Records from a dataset
↓
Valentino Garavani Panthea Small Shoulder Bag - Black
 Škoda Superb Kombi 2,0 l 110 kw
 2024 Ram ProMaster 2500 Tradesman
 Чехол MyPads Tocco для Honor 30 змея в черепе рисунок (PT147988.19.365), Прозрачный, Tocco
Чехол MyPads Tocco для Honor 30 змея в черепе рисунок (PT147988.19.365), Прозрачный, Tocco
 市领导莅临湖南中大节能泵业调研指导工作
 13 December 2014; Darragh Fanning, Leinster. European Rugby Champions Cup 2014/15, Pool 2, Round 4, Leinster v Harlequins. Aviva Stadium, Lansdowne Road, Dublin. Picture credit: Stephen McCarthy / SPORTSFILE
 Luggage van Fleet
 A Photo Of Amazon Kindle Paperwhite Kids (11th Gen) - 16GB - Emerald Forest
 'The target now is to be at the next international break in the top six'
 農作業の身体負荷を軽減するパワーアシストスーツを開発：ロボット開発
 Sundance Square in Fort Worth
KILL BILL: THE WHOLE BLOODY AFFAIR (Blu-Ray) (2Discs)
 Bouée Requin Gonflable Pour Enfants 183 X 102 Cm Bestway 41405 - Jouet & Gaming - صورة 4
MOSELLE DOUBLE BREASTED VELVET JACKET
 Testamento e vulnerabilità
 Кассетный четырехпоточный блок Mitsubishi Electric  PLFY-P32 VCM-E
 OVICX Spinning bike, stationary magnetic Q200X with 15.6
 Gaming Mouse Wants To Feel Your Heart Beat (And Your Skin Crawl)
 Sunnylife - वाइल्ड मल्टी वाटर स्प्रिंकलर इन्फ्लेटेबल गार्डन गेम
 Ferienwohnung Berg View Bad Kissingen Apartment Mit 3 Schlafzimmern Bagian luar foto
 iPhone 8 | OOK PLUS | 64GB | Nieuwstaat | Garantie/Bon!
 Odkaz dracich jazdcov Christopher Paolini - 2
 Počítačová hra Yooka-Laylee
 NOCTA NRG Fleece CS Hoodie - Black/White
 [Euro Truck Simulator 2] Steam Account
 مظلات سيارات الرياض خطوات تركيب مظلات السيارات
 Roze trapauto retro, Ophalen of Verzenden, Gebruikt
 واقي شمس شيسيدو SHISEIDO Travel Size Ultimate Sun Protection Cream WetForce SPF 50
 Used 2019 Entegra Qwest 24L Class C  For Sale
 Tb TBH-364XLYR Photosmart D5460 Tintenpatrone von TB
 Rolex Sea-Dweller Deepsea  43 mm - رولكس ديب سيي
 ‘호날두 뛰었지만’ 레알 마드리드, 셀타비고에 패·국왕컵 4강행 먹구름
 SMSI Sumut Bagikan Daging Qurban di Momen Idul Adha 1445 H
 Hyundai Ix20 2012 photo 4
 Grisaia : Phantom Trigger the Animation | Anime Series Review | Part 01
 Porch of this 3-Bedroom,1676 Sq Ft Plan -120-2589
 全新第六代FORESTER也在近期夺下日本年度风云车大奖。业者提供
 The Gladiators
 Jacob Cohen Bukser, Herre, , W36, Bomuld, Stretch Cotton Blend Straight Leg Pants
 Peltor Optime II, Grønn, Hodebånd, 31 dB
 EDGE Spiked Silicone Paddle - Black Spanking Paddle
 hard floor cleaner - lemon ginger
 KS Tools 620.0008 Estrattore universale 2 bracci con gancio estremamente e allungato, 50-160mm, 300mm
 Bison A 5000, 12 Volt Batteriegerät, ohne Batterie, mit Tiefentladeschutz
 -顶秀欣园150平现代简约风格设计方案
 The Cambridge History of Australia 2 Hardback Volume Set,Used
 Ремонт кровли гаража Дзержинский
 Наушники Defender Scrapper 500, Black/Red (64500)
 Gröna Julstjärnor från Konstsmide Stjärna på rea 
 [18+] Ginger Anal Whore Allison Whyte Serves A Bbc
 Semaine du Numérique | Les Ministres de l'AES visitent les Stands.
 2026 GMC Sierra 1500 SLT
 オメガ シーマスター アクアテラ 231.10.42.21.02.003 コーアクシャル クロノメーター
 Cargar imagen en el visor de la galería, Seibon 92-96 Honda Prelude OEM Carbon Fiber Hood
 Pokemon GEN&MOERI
↑
» Activity
Of all the entries above, output exactly the lines between the one holding "農作業の身体負荷を軽減するパワーアシストスーツを開発：ロボット開発" and the one holding "Jacob Cohen Bukser, Herre, , W36, Bomuld, Stretch", inclusive.

» Answer space
 農作業の身体負荷を軽減するパワーアシストスーツを開発：ロボット開発
 Sundance Square in Fort Worth
KILL BILL: THE WHOLE BLOODY AFFAIR (Blu-Ray) (2Discs)
 Bouée Requin Gonflable Pour Enfants 183 X 102 Cm Bestway 41405 - Jouet & Gaming - صورة 4
MOSELLE DOUBLE BREASTED VELVET JACKET
 Testamento e vulnerabilità
 Кассетный четырехпоточный блок Mitsubishi Electric  PLFY-P32 VCM-E
 OVICX Spinning bike, stationary magnetic Q200X with 15.6
 Gaming Mouse Wants To Feel Your Heart Beat (And Your Skin Crawl)
 Sunnylife - वाइल्ड मल्टी वाटर स्प्रिंकलर इन्फ्लेटेबल गार्डन गेम
 Ferienwohnung Berg View Bad Kissingen Apartment Mit 3 Schlafzimmern Bagian luar foto
 iPhone 8 | OOK PLUS | 64GB | Nieuwstaat | Garantie/Bon!
 Odkaz dracich jazdcov Christopher Paolini - 2
 Počítačová hra Yooka-Laylee
 NOCTA NRG Fleece CS Hoodie - Black/White
 [Euro Truck Simulator 2] Steam Account
 مظلات سيارات الرياض خطوات تركيب مظلات السيارات
 Roze trapauto retro, Ophalen of Verzenden, Gebruikt
 واقي شمس شيسيدو SHISEIDO Travel Size Ultimate Sun Protection Cream WetForce SPF 50
 Used 2019 Entegra Qwest 24L Class C  For Sale
 Tb TBH-364XLYR Photosmart D5460 Tintenpatrone von TB
 Rolex Sea-Dweller Deepsea  43 mm - رولكس ديب سيي
 ‘호날두 뛰었지만’ 레알 마드리드, 셀타비고에 패·국왕컵 4강행 먹구름
 SMSI Sumut Bagikan Daging Qurban di Momen Idul Adha 1445 H
 Hyundai Ix20 2012 photo 4
 Grisaia : Phantom Trigger the Animation | Anime Series Review | Part 01
 Porch of this 3-Bedroom,1676 Sq Ft Plan -120-2589
 全新第六代FORESTER也在近期夺下日本年度风云车大奖。业者提供
 The Gladiators
 Jacob Cohen Bukser, Herre, , W36, Bomuld, Stretch Cotton Blend Straight Leg Pants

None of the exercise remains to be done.